» **WHAT IS NEEDED**: Your output should repeat each record below with no differences.

>>>

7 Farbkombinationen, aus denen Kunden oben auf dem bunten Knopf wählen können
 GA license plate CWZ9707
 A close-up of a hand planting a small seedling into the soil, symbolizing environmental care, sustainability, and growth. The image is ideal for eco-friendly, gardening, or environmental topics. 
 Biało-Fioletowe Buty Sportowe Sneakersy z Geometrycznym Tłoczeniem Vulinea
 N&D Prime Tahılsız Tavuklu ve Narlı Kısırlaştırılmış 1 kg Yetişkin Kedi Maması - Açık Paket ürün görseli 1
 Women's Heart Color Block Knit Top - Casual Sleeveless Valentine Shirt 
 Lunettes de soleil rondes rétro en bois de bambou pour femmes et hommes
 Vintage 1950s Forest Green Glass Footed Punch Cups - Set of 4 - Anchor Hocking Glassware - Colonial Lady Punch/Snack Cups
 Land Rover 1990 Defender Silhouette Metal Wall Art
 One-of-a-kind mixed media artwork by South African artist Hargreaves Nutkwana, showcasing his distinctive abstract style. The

<<<

» **RESPONSE TO THE EXERCISE**:
7 Farbkombinationen, aus denen Kunden oben auf dem bunten Knopf wählen können
 GA license plate CWZ9707
 A close-up of a hand planting a small seedling into the soil, symbolizing environmental care, sustainability, and growth. The image is ideal for eco-friendly, gardening, or environmental topics. 
 Biało-Fioletowe Buty Sportowe Sneakersy z Geometrycznym Tłoczeniem Vulinea
 N&D Prime Tahılsız Tavuklu ve Narlı Kısırlaştırılmış 1 kg Yetişkin Kedi Maması - Açık Paket ürün görseli 1
 Women's Heart Color Block Knit Top - Casual Sleeveless Valentine Shirt 
 Lunettes de soleil rondes rétro en bois de bambou pour femmes et hommes
 Vintage 1950s Forest Green Glass Footed Punch Cups - Set of 4 - Anchor Hocking Glassware - Colonial Lady Punch/Snack Cups
 Land Rover 1990 Defender Silhouette Metal Wall Art
 One-of-a-kind mixed media artwork by South African artist Hargreaves Nutkwana, showcasing his distinctive abstract style. The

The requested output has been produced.